* _Work to complete_:
Without copying any picture, return all lines below exactly.

* _Collected data_:

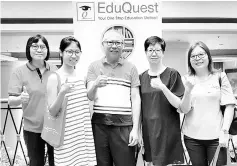  ??  ?? Yap (left) and Adelaide (second left) with her proud parents (centre and second right) and aunt during her second visit to a EduQuest education fair.
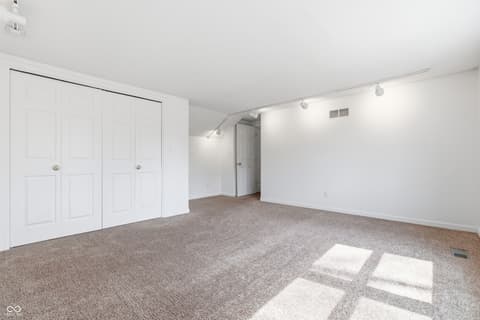 Primary bedroom at 15 Wildwood Drive, Carmel, IN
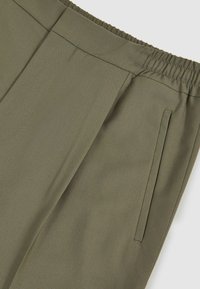 Pantalon vert olive en tissu texturé. Dispose d'une taille élastique et de poches latérales, avec des lignes épurées et des détails de couture minimaux.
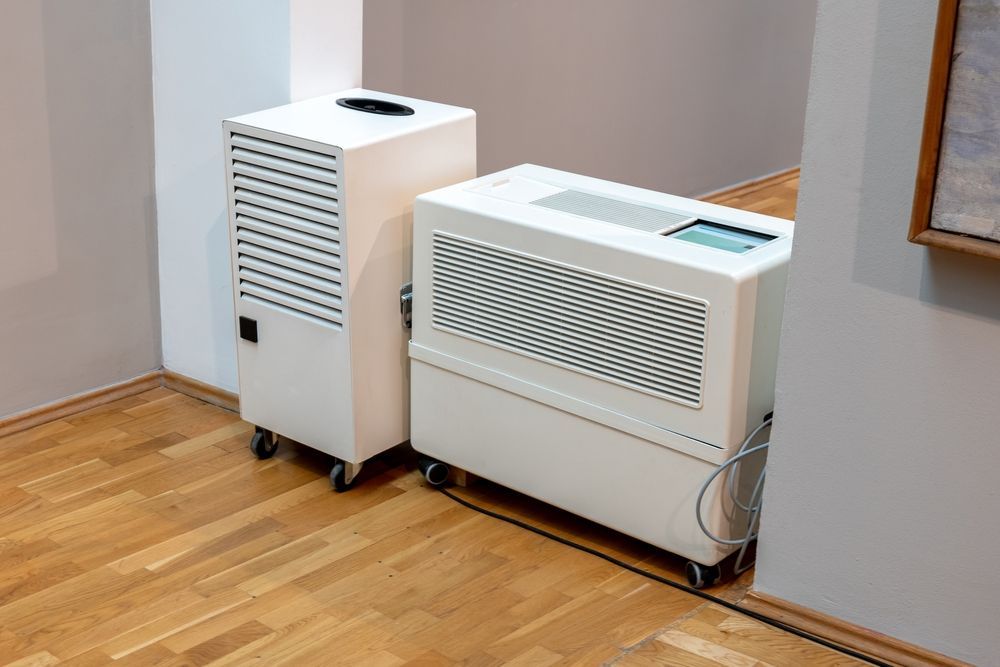 Two white air conditioners are sitting next to each other on a wooden floor in a room.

* _Result_:
  ??  ?? Yap (left) and Adelaide (second left) with her proud parents (centre and second right) and aunt during her second visit to a EduQuest education fair.
 Primary bedroom at 15 Wildwood Drive, Carmel, IN
 Pantalon vert olive en tissu texturé. Dispose d'une taille élastique et de poches latérales, avec des lignes épurées et des détails de couture minimaux.
 Two white air conditioners are sitting next to each other on a wooden floor in a room.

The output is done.